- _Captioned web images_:
┄┄┄┄┄┄┄┄┄┄┄┄┄┄┄┄┄┄┄┄
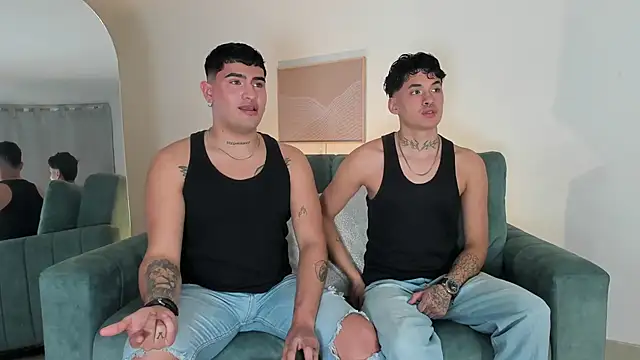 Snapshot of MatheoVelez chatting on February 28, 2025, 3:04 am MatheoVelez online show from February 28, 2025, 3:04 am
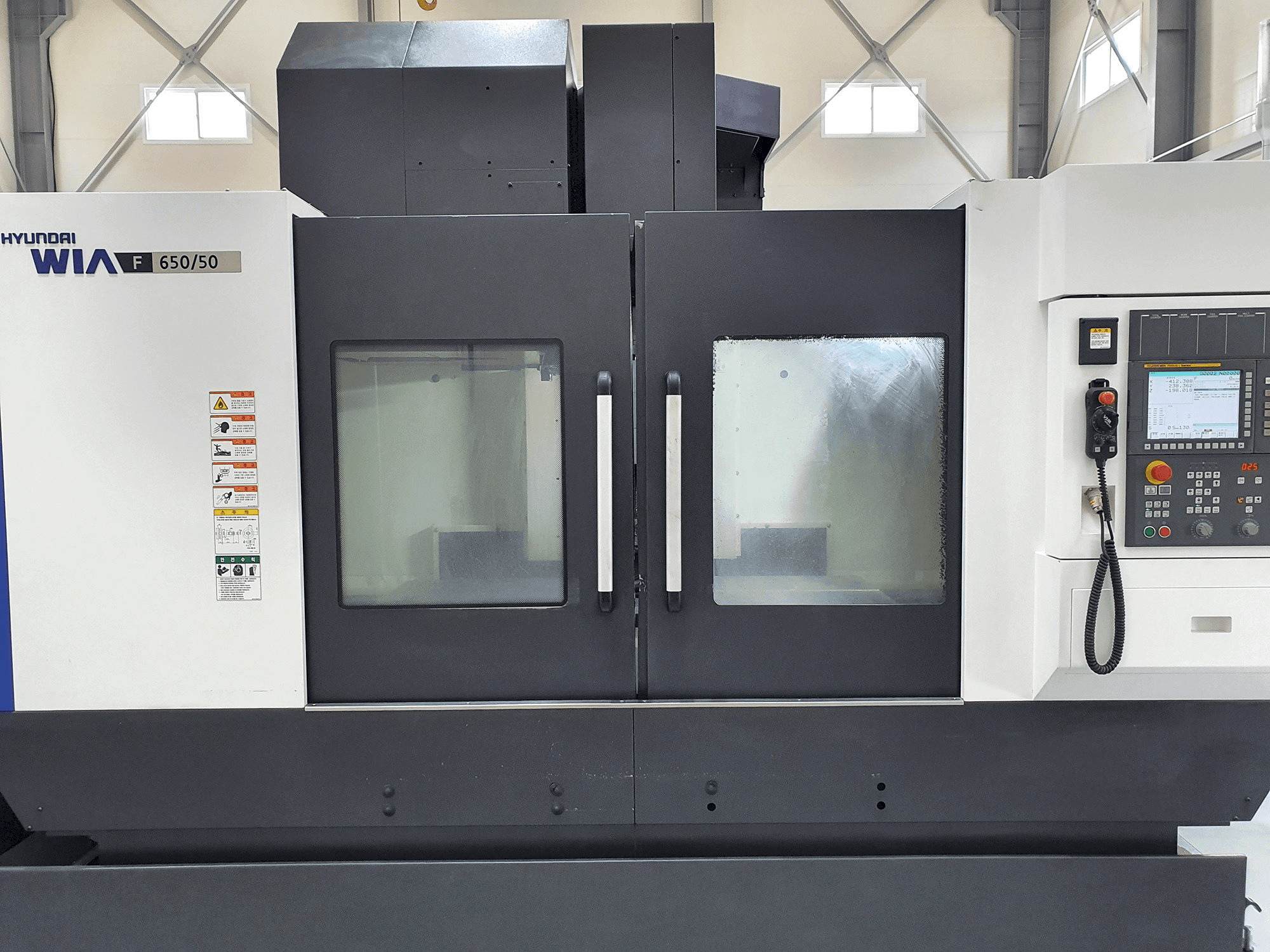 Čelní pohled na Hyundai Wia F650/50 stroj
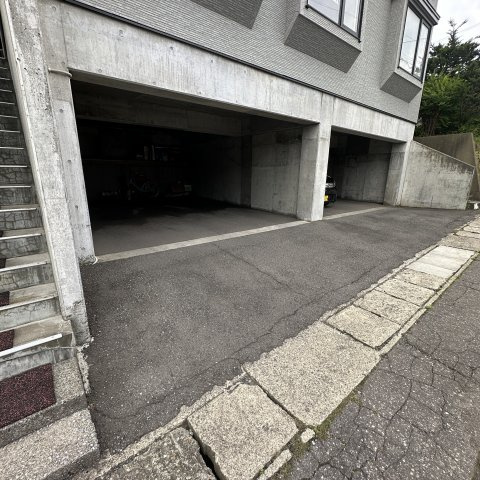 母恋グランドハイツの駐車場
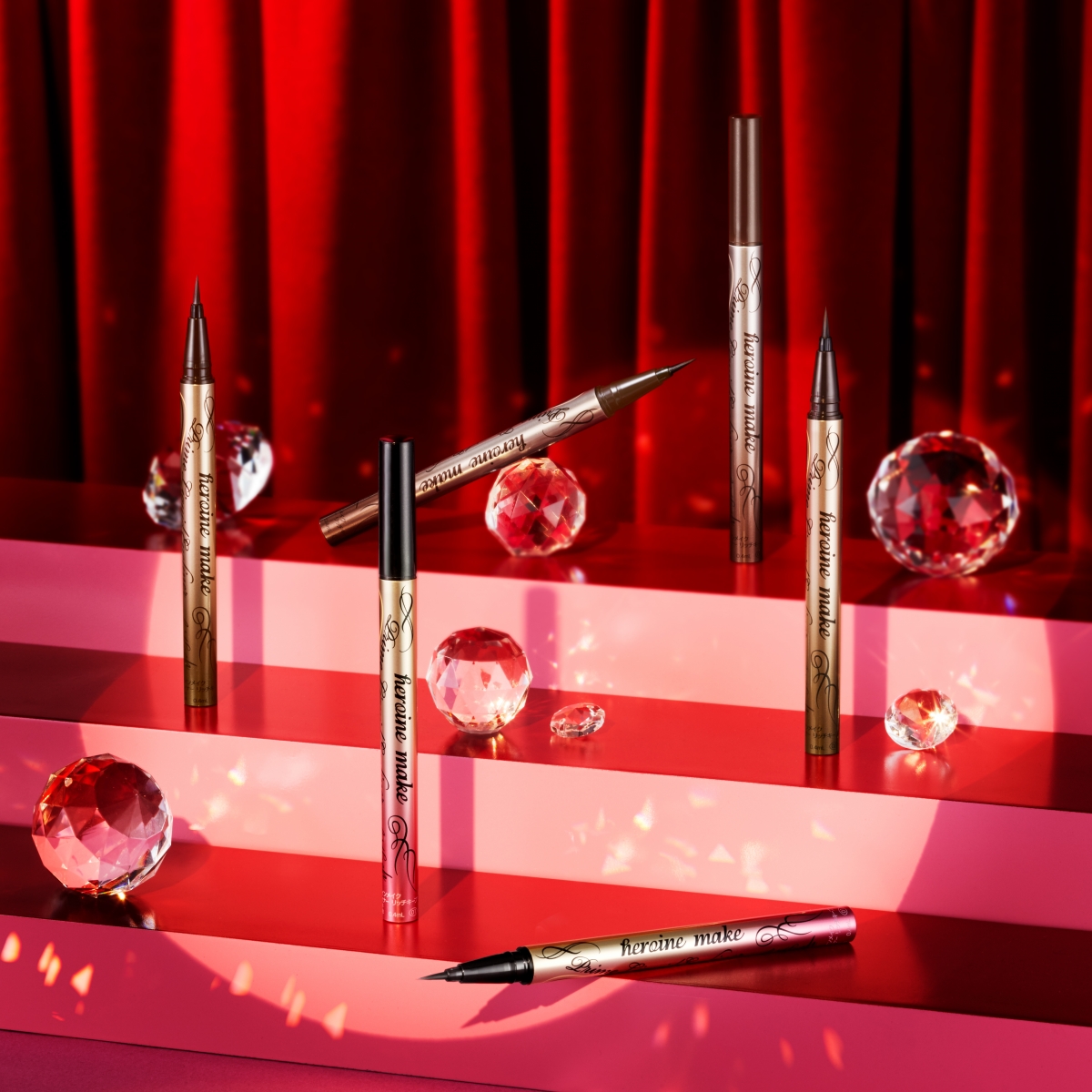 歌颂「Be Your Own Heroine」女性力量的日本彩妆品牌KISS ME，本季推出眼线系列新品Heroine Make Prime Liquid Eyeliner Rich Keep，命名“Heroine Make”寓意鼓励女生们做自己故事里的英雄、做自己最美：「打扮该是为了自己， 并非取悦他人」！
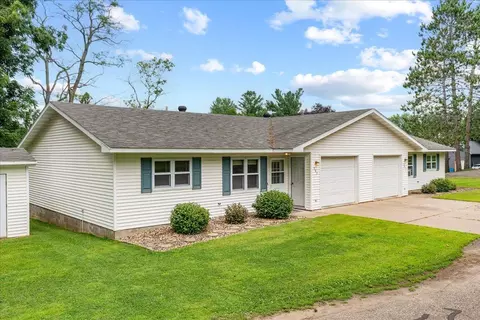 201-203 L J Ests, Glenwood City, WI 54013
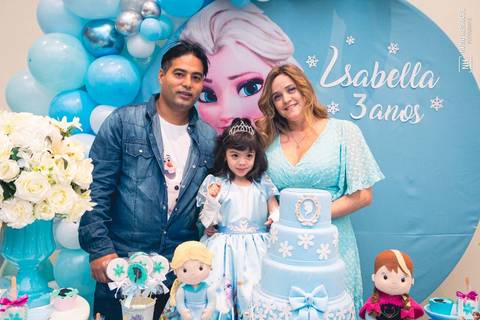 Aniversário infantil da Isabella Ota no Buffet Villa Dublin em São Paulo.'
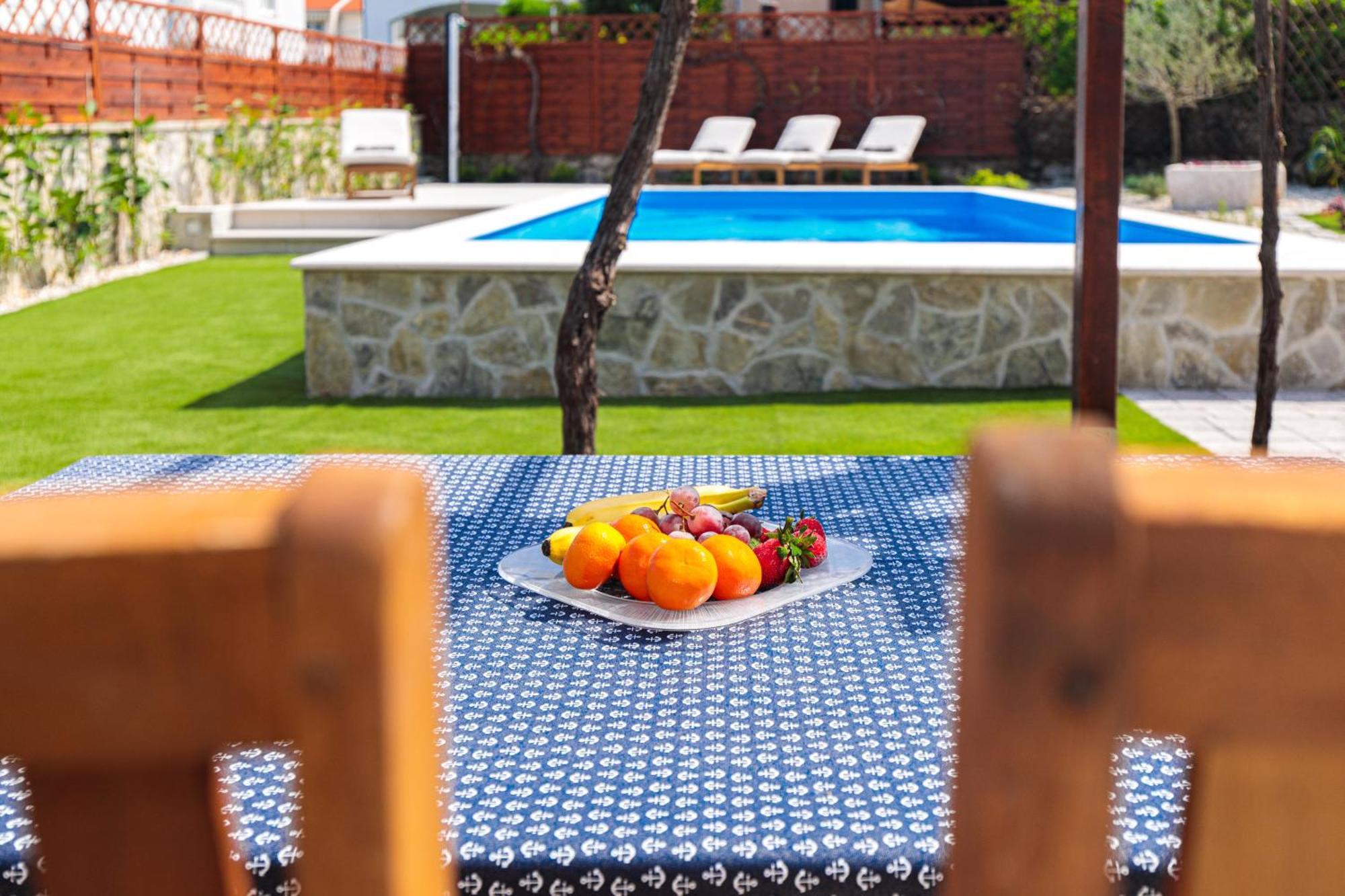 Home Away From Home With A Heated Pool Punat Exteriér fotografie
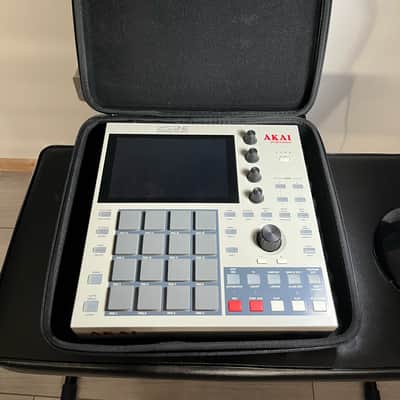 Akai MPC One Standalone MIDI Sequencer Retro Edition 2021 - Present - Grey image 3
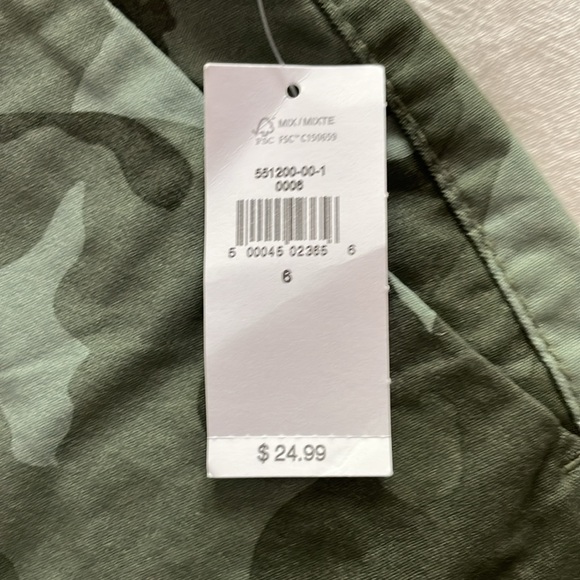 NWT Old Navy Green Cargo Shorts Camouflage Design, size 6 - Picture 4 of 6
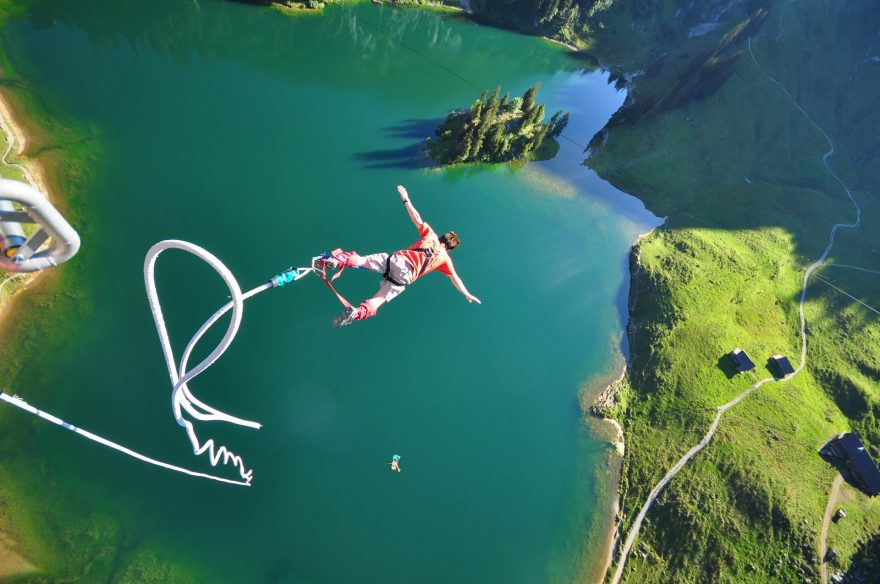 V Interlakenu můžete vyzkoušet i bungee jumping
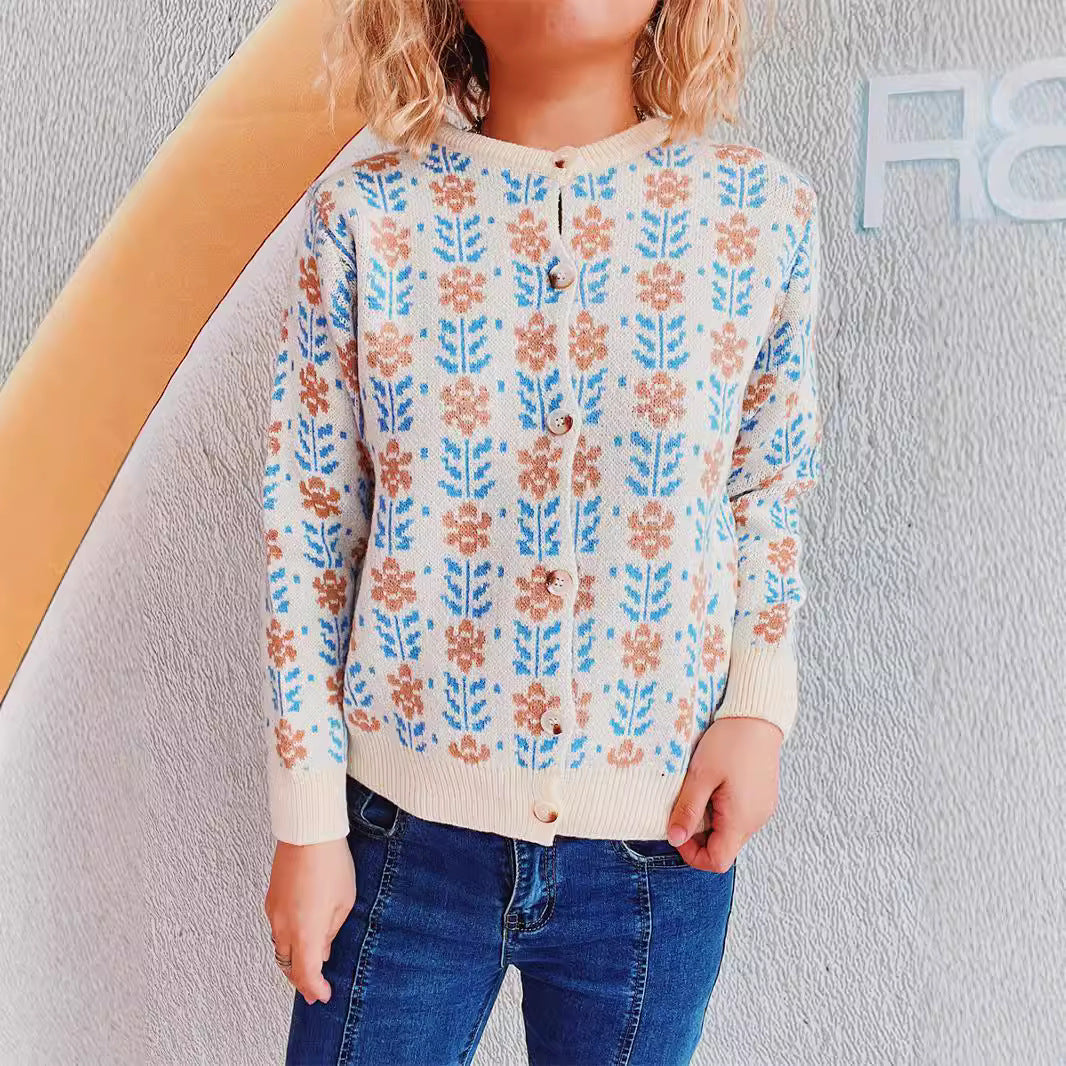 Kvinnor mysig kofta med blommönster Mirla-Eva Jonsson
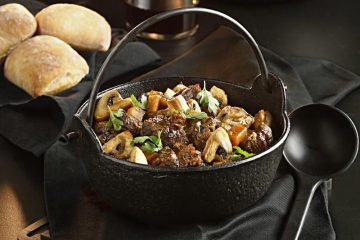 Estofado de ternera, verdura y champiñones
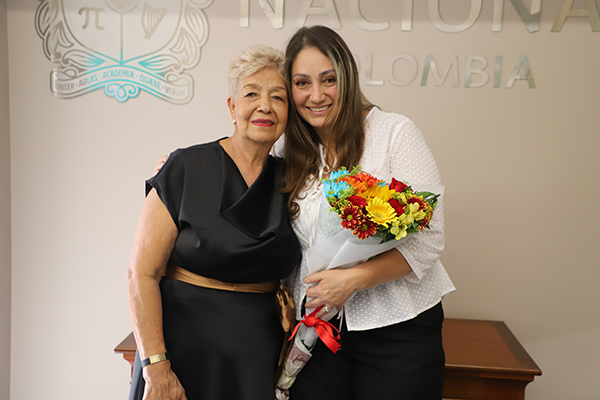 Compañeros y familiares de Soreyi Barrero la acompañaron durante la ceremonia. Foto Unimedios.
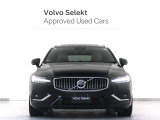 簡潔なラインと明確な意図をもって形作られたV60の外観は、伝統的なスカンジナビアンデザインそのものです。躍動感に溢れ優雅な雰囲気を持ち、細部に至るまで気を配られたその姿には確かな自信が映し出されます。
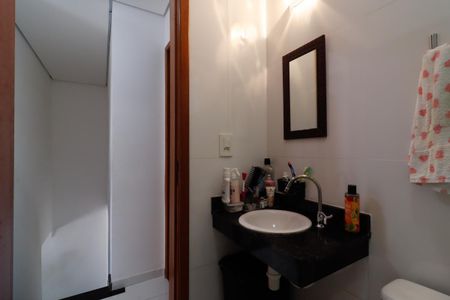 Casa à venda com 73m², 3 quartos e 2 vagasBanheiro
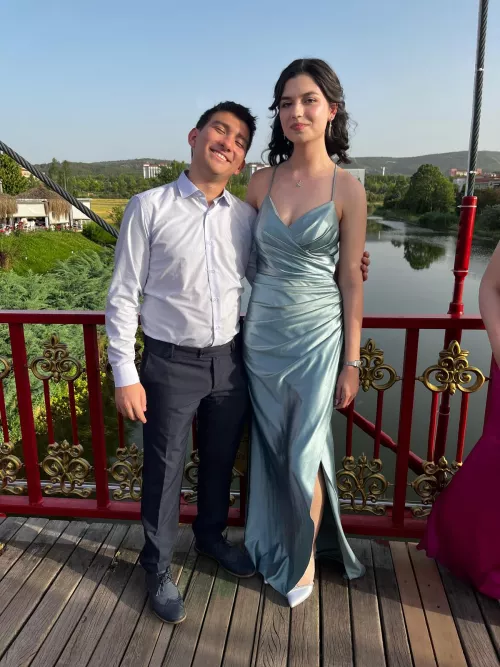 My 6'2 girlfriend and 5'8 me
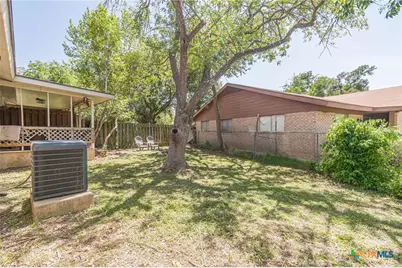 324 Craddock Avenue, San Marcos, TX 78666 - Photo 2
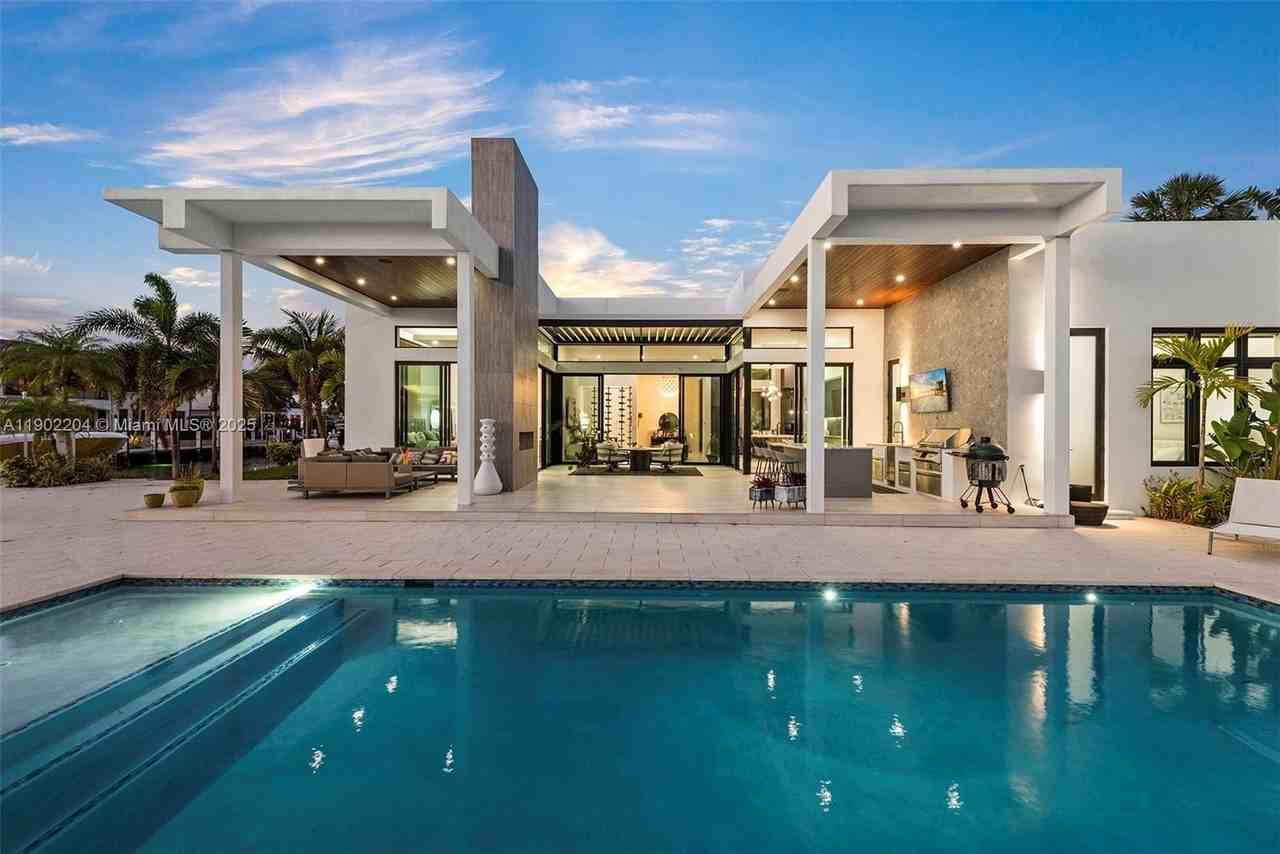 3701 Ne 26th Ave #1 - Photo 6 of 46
┄┄┄┄┄┄┄┄┄┄┄┄┄┄┄┄┄┄┄┄
- _Aim of the exercise_: Output each record above word for word, leaving out images.

- _Solution_:
 Snapshot of MatheoVelez chatting on February 28, 2025, 3:04 am MatheoVelez online show from February 28, 2025, 3:04 am
 Čelní pohled na Hyundai Wia F650/50 stroj
 母恋グランドハイツの駐車場
 歌颂「Be Your Own Heroine」女性力量的日本彩妆品牌KISS ME，本季推出眼线系列新品Heroine Make Prime Liquid Eyeliner Rich Keep，命名“Heroine Make”寓意鼓励女生们做自己故事里的英雄、做自己最美：「打扮该是为了自己， 并非取悦他人」！
 201-203 L J Ests, Glenwood City, WI 54013
 Aniversário infantil da Isabella Ota no Buffet Villa Dublin em São Paulo.'
 Home Away From Home With A Heated Pool Punat Exteriér fotografie
 Akai MPC One Standalone MIDI Sequencer Retro Edition 2021 - Present - Grey image 3
 NWT Old Navy Green Cargo Shorts Camouflage Design, size 6 - Picture 4 of 6
 V Interlakenu můžete vyzkoušet i bungee jumping
 Kvinnor mysig kofta med blommönster Mirla-Eva Jonsson
 Estofado de ternera, verdura y champiñones
 Compañeros y familiares de Soreyi Barrero la acompañaron durante la ceremonia. Foto Unimedios.
 簡潔なラインと明確な意図をもって形作られたV60の外観は、伝統的なスカンジナビアンデザインそのものです。躍動感に溢れ優雅な雰囲気を持ち、細部に至るまで気を配られたその姿には確かな自信が映し出されます。
 Casa à venda com 73m², 3 quartos e 2 vagasBanheiro
 My 6'2 girlfriend and 5'8 me
 324 Craddock Avenue, San Marcos, TX 78666 - Photo 2
 3701 Ne 26th Ave #1 - Photo 6 of 46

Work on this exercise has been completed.